Not only is Heister Ivory’s mother, she’s also a music teacher at Stone and Jefferson Elementary schools. In addition, Ivory’s father is music minister at First Baptist Church.
As it turns out, all three girls have a musical background. Country music is a staple, for instance, at JoeLi’s house: her mother competed in several singing competitions in her younger years and her great uncle recorded a country album. And Emily’s grandmother is Carol Barnes, who retired from HHS after being choir director for 11 years.
“I was in tears when (Emily was performing) her song,” Barnes said of that Albuquerque concert attended by Hobbs family members. “To know that the music was coming from within her and she feels music so deeply…”
Given their backgrounds, it’s no surprise that Emily, Ivory and JoeLi stepped up to the musical plate without hesitation when Heister challenged all of her students to enter the statewide contest.
“What I did was take a little bit of one of the songs I’d already written and combined it with another one,” Emily said.
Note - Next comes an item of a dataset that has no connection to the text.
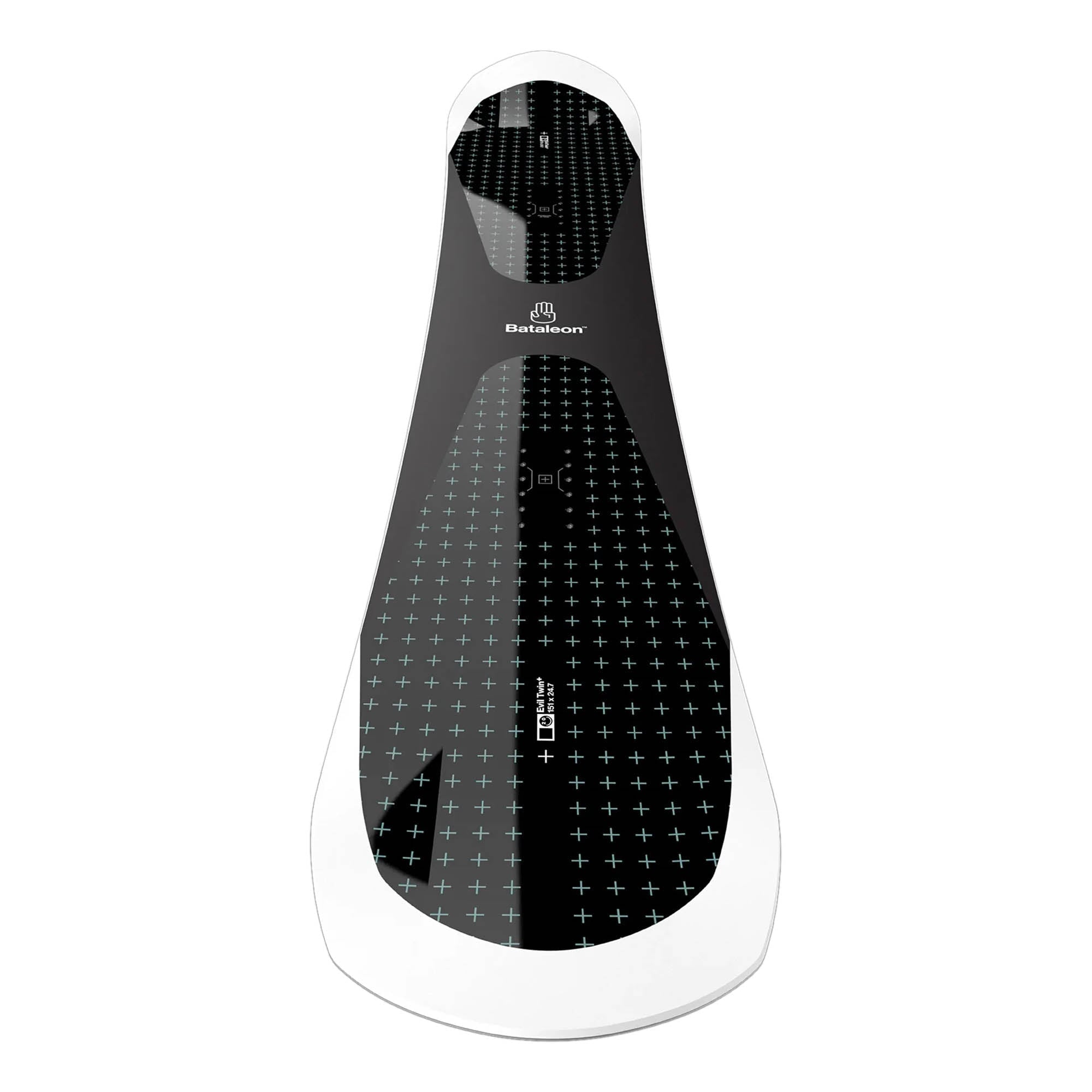 Bataleon Evil Twin + 2024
She named her composition “Bells,” and hummed it as Heister recorded the melody on an audiotape that was later sent to the “Hey Mozart” judges. (The same technique was used for all of the Hobbs entries).
Evans, in the meantime, was inspired by her dog, Charlie. She admits she wrote the words to “Little Puppy” while sitting in church listening to a sermon, then spent a couple weeks coming up with a melody to accompany the words.
“Really, the words are not as important as the melody because it’s the melody that the professional composers have to turn into a full arrangement,” Heister explained. “Whether it had words or not, they would have selected JoeLi’s song because you could tell it had a structure to it – it wasn’t just random.”
“I thought the same thing,” added JoeLi’s mom, Christina Evans. “I didn’t hear it until she won - but when she sang it for me, I thought the piece had depth to it. I was quite impressed.”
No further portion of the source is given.